Beyond Pfizer and BioNTech, several other vaccines which have exhibited promising results appear to be underway. Belonging to this bracket is the understudy vaccine by The Wuhan Institute of Biological Products/Sinopharm, which is projected to be delivered intramuscularly within a timeline of 0-21 days. There is also another promising option being developed by Janssen Pharmaceutical Companies, developed under the platform of Non-Replicating Viral Vector, to be administered intramuscularly within a timeline of 0-56 days.

But, regardless of the ultimate arrival of the much anticipated COVID-19 vaccine, a fundamental hurdle is yet to be scaled.

According to reports, the vaccine’s complex and super-cold storage requirements are an obstacle for even the most sophisticated hospitals in the United States and may impact when and where it is available in rural areas or poor countries where resources are tight.

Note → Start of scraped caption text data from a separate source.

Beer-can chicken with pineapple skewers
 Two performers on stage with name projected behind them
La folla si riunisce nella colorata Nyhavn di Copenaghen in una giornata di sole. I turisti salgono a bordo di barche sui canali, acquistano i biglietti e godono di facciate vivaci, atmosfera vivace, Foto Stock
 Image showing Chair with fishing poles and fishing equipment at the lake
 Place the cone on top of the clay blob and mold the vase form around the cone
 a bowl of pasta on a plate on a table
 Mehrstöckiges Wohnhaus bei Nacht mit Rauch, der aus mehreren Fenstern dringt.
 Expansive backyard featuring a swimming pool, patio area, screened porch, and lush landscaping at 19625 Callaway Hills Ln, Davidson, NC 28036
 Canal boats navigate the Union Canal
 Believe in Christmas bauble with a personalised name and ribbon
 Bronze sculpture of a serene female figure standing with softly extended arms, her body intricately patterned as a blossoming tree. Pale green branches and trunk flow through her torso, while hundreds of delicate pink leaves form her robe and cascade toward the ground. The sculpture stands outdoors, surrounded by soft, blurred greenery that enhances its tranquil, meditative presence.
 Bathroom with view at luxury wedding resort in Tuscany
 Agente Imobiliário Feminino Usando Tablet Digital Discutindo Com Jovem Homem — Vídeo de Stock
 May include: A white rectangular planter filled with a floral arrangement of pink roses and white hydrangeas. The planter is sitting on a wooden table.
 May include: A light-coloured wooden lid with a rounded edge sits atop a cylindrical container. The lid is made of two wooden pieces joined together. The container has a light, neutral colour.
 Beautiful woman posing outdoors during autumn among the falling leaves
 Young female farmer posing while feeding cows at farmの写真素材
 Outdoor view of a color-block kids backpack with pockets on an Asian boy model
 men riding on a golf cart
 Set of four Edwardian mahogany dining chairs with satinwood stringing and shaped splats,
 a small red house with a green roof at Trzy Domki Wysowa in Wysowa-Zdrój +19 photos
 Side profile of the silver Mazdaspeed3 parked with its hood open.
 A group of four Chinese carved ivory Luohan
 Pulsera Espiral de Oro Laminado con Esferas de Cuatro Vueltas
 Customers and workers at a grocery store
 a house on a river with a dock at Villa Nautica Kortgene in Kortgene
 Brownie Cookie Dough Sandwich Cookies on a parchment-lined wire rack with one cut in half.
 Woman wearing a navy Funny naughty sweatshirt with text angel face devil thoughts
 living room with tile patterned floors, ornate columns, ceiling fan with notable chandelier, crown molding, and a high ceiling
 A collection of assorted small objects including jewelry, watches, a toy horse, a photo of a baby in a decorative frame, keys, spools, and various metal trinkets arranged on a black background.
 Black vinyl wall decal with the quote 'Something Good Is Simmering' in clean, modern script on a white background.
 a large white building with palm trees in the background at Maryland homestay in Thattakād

The main issue is that the vaccine, which is based on a novel technology that uses synthetic mRNA to activate the immune system against the virus, needs to be kept at minus 70 degrees Celsius (-94 F) or below.

“The cold chain is going to be one of the most challenging aspects of the delivery of this vaccination,” said Amesh Adalja, senior scholar at Johns Hopkins Center for Health Security.

“This will be a challenge in all settings because hospitals even in big cities do not have storage facilities for a vaccine at that ultra-low temperature.”

Indeed, one of the most prestigious U.S. hospitals, the Mayo Clinic in Rochester, Minnesota, said it does not currently have that capability.

“We’re talking about a vaccine that needs storage at minus 70 or 80. That’s a tremendous logistical issue not only in the U.S. but outside the Western world,” said Dr Gregory Poland, a virologist and vaccine researcher with the Mayo Clinic.

“We’re a major medical centre and we don’t have storage capacity like this. That will be true for everybody. This is a logistical obstacle.”

Pfizer spokeswoman Kim Bencker said the company was working closely with the U.S. government and state officials on how to ship the vaccine from its distribution centres in the United States, Germany and Belgium around the globe.

Again, this presents a major problem for developing countries like Nigeria who are looking to procure the vaccines for mass distribution when it finally shows up on the market. With countries with highly sophisticated pharmaceutical facilities struggling to preserve the vaccine for optimum potency, there seem to be very bleak chances for third world countries with dilapidated facilities and further inadequacies of erratic power supply.